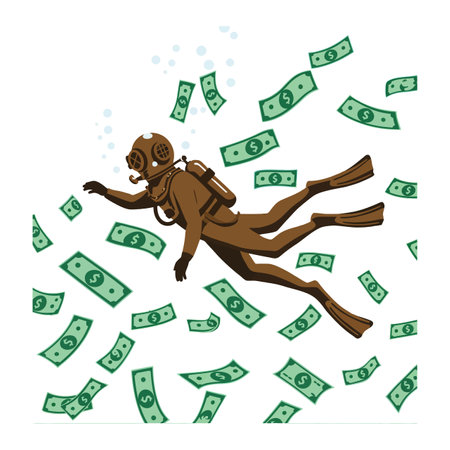 A diver in a vintage diving suit swims joyfully through a sea of floating dollar bills, creating a playful and imaginative atmosphere.のイラスト素材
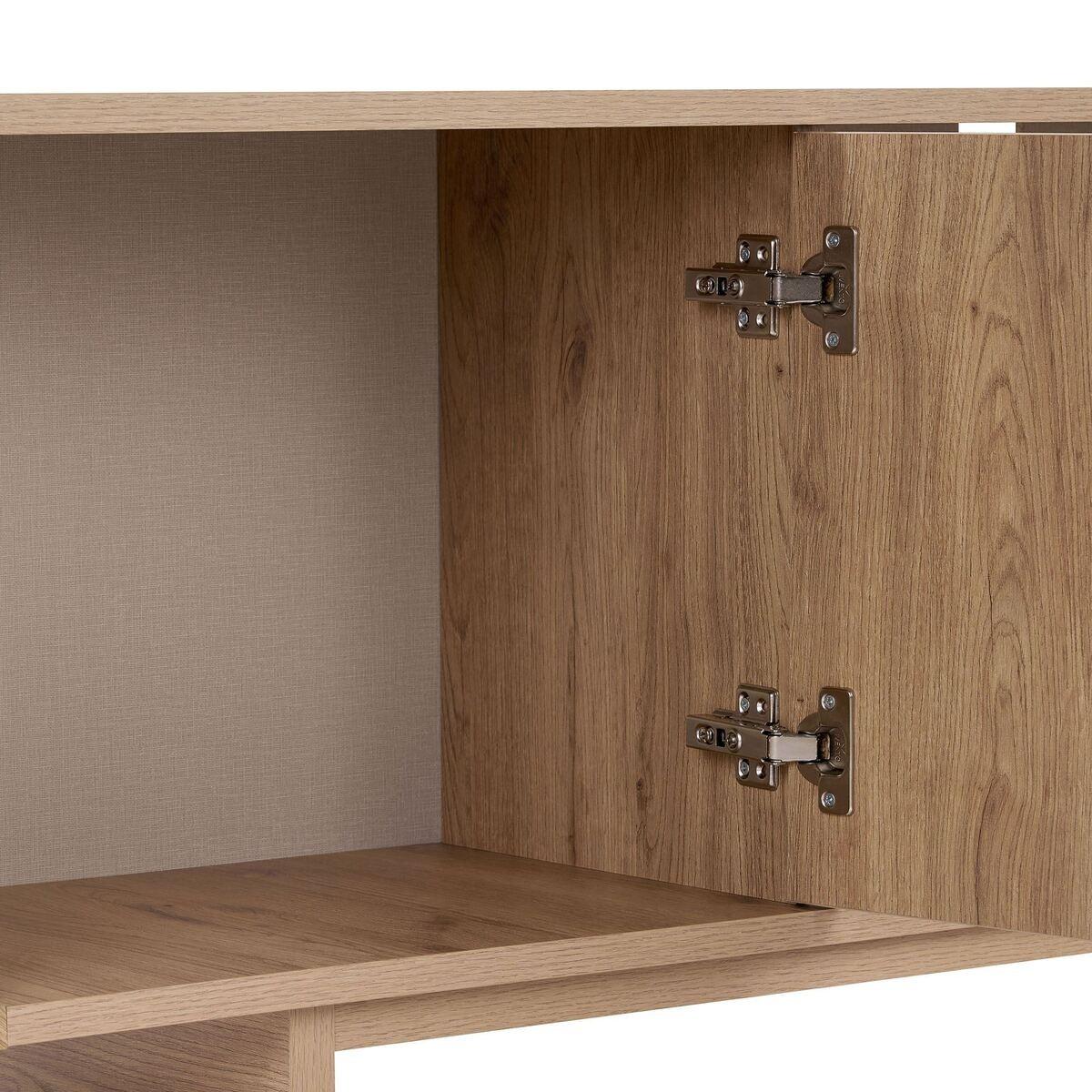 TV-MÖBEL mit 2 Türen, 2 Fächern und abgerundeten Kanten 34/52/180 cm - Eichefarben, Holzwerkstoff (34/52/26cm) - Calicosy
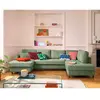 LISA DESIGN Anna - canapé panoramique d'angle droit 7 places convertible avec coffre en velours texturé - Vert sauge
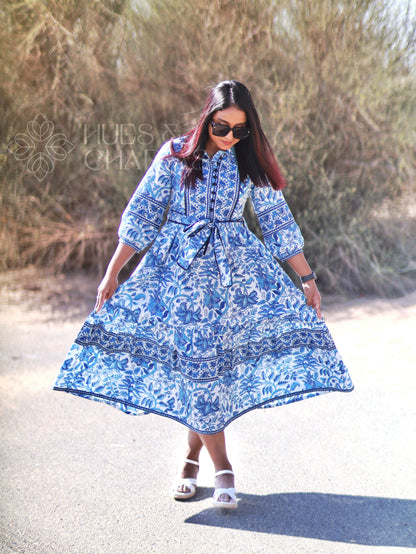 BLUE PAISLEY DRESS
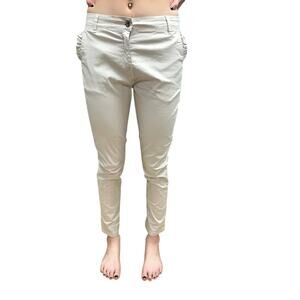 Femme Fatale Italy Skinny Chino Trousers – Size 29, Beige Pants NWT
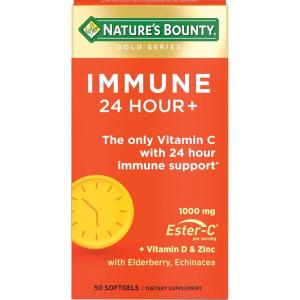 image:imageNatures Bounty Immune 24 Hour  The only Vitamin C with 24 Hour Immune Support from EsterC 1000 mg Vitamin C D amp Zinc Gluten Free Rapid Release Softgels 2 Softgels per Day 50 Count50 Count Pack of 1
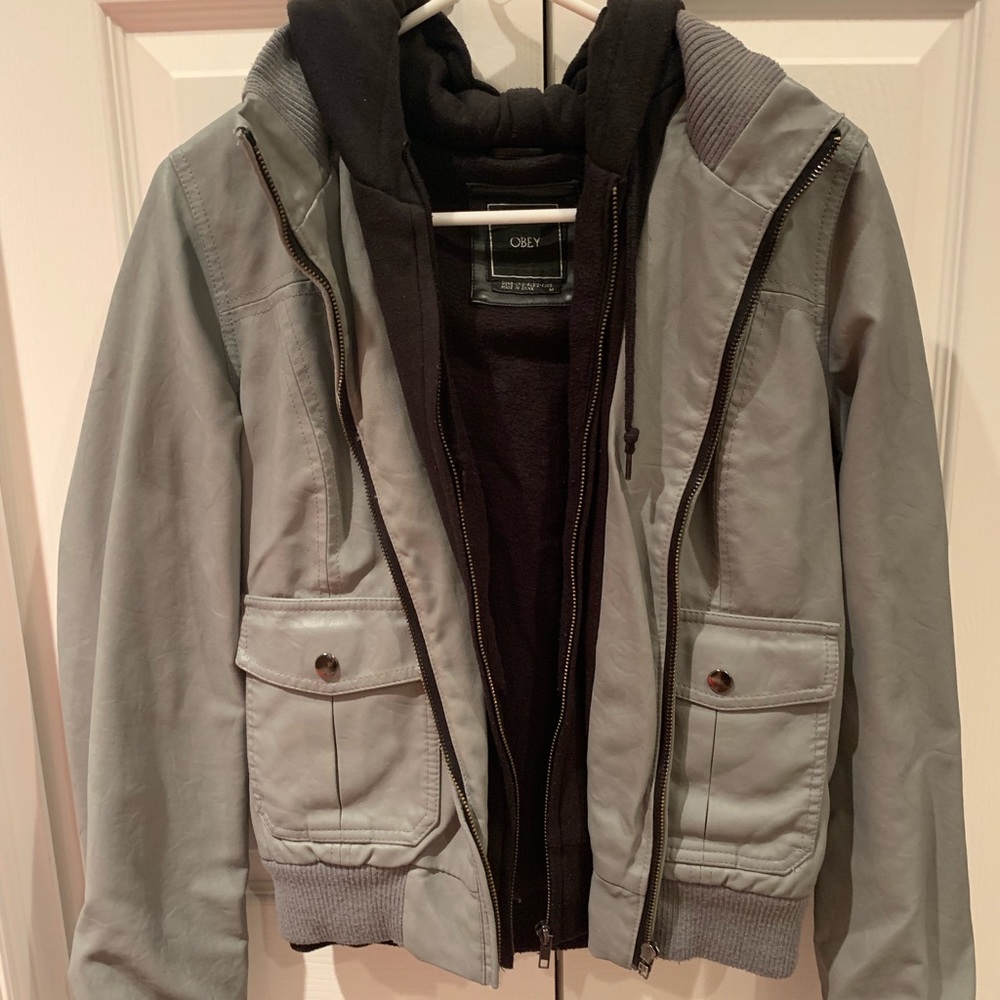 Gray OBEY leather jacket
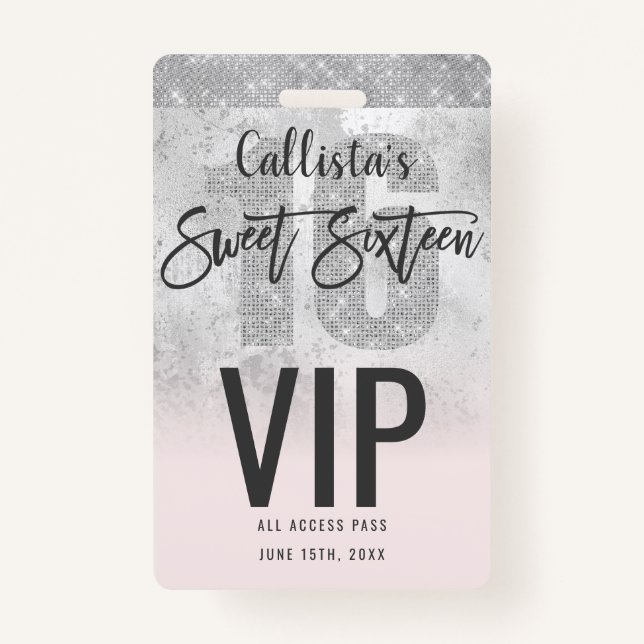 Girly Grunge Silver Pink Glitter Foil Sweet 16 Badge (Front)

::::

» Assignment: Transcribe every line of the data exactly. No pictures go in the copy.

» Exercise answer:
 A diver in a vintage diving suit swims joyfully through a sea of floating dollar bills, creating a playful and imaginative atmosphere.のイラスト素材
 TV-MÖBEL mit 2 Türen, 2 Fächern und abgerundeten Kanten 34/52/180 cm - Eichefarben, Holzwerkstoff (34/52/26cm) - Calicosy
 LISA DESIGN Anna - canapé panoramique d'angle droit 7 places convertible avec coffre en velours texturé - Vert sauge
 BLUE PAISLEY DRESS
 Femme Fatale Italy Skinny Chino Trousers – Size 29, Beige Pants NWT
 image:imageNatures Bounty Immune 24 Hour  The only Vitamin C with 24 Hour Immune Support from EsterC 1000 mg Vitamin C D amp Zinc Gluten Free Rapid Release Softgels 2 Softgels per Day 50 Count50 Count Pack of 1
 Gray OBEY leather jacket
 Girly Grunge Silver Pink Glitter Foil Sweet 16 Badge (Front)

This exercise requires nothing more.